The Supreme Court accepted the case on special appeal and, in the same order, resolved both questions as a matter of law while granting the provisional disposition sought below.

The Court’s Holding

On the first question, the Court held that the reference point for assessing whether the one-tenth cross-shareholding threshold under Article 369(3) has been reached is the date on which the relevant general meeting of shareholders of the company (or its subsidiary) is convened. The identity of the shareholder entitled to assert voting rights is fixed, however, at the record date established for that general meeting. These two reference times — convening date for the quantity of cross-held shares, record date for the identity of the voting shareholder — are distinct and must be applied separately.

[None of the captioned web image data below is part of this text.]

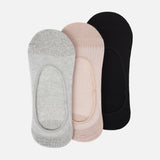 MEN BASIC SEWING INVISIBLE SOCKS 3PAIR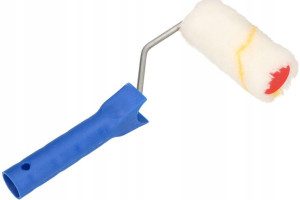 Wałek Malarski Złota Nić 100mm Z Plastikową Rączką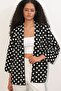 Bdart Women's Polyester-Elastane Kimono - 4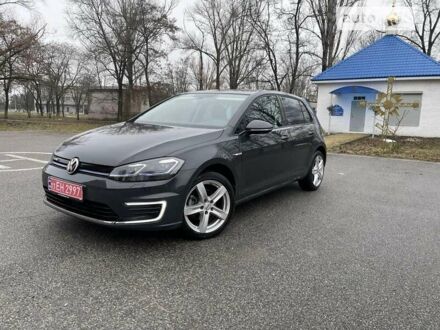 Сірий Фольксваген e-Golf, об'ємом двигуна 0 л та пробігом 33 тис. км за 15999 $, фото 1 на Automoto.ua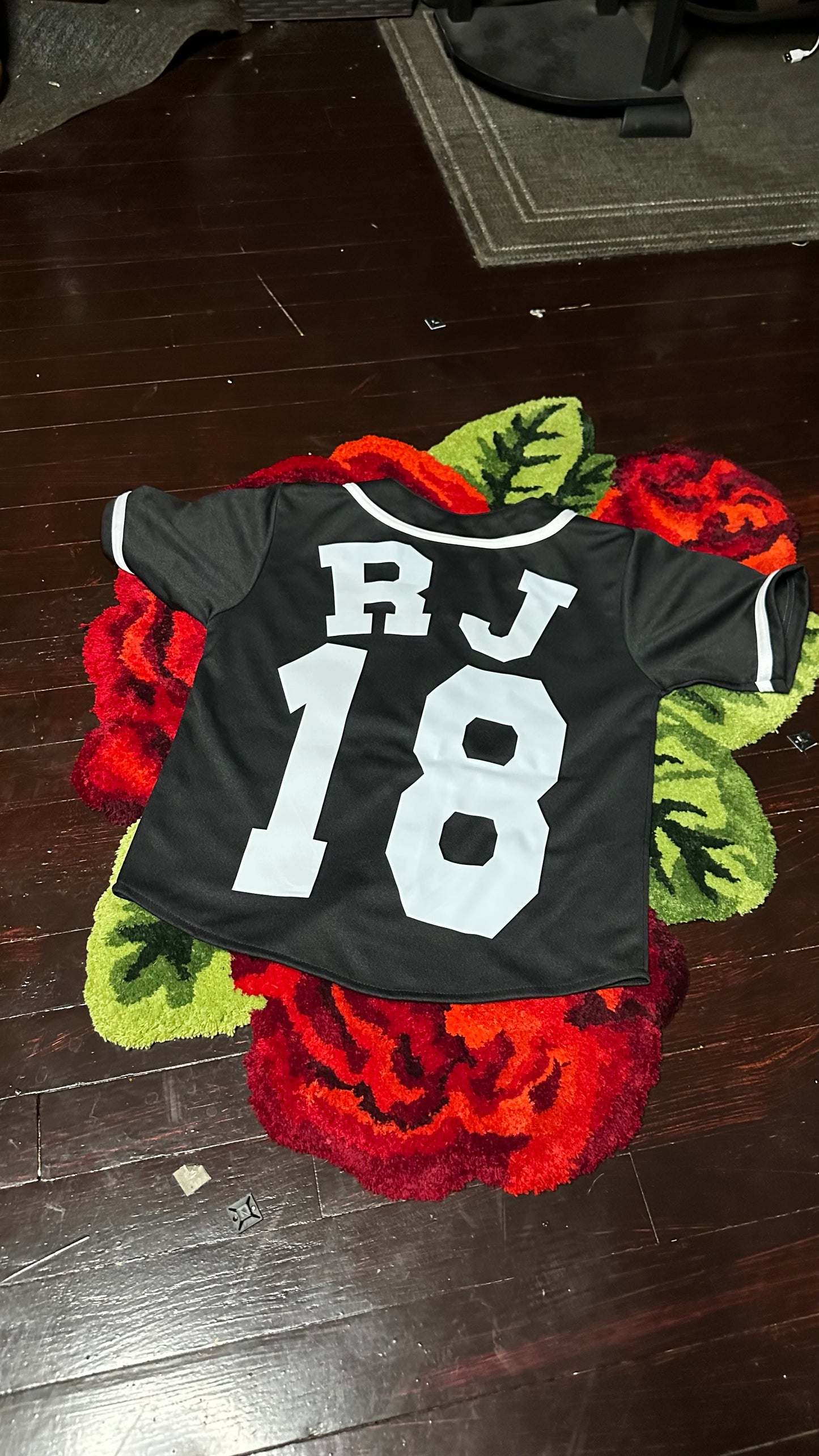 Custom Toddler Baseball Jersey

On the second question, the Court held that “subsidiary company” in Article 369(3) is not confined to domestically incorporated entities; a foreign company may qualify. However, to prevent gaps created by divergent foreign corporate forms, a foreign company must be a corporation of the same type as, or the type most similar to, a Korean stock corporation (jusikhoesa) under the Commercial Act in order to be counted as a subsidiary for purposes of the cross-shareholding calculation. Foreign entities that lack sufficient structural analogy to the Korean stock-corporation form fall outside the provision’s reach.

Key Takeaways

  • The one-tenth cross-shareholding ceiling under Article 369(3) of the Commercial Act is measured as of the date the general meeting is convened, not some earlier or later date.
  • The shareholder whose voting rights are at stake is determined by the record date set for the general meeting — a separate reference point from the convening date.
  • Foreign companies can be “subsidiaries” for Article 369(3) purposes, but only if their corporate form is the same as or most closely analogous to a Korean stock corporation.
  • The case was decided as a provisional disposition (가처분) order, granting interim relief while substantive proceedings continue — the two legal holdings are binding precedent regardless of the interlocutory posture.

Why It Matters

The decision brings long-needed clarity to a provision frequently invoked in Korean M&A disputes and hostile-takeover contests. Companies — and activist investors — had faced uncertainty over precisely when to measure shareholding ratios and how to count cross-border group structures. By anchoring the snapshot to the convening date and fixing voter identity to the record date, the Court gives practitioners a predictable framework for assessing voting-rights exposure in the lead-up to shareholder meetings.

The ruling on foreign subsidiaries is equally significant for multinational corporate groups with Korean-listed entities. Groups that hold Korean shares through offshore holding structures must now evaluate whether those offshore vehicles qualify as stock-corporation equivalents; if they do, their cross-held shares count toward the one-tenth ceiling that triggers voting suspension. Compliance teams and transaction counsel advising on Korean general-meeting strategy will need to audit group structures with this standard in mind.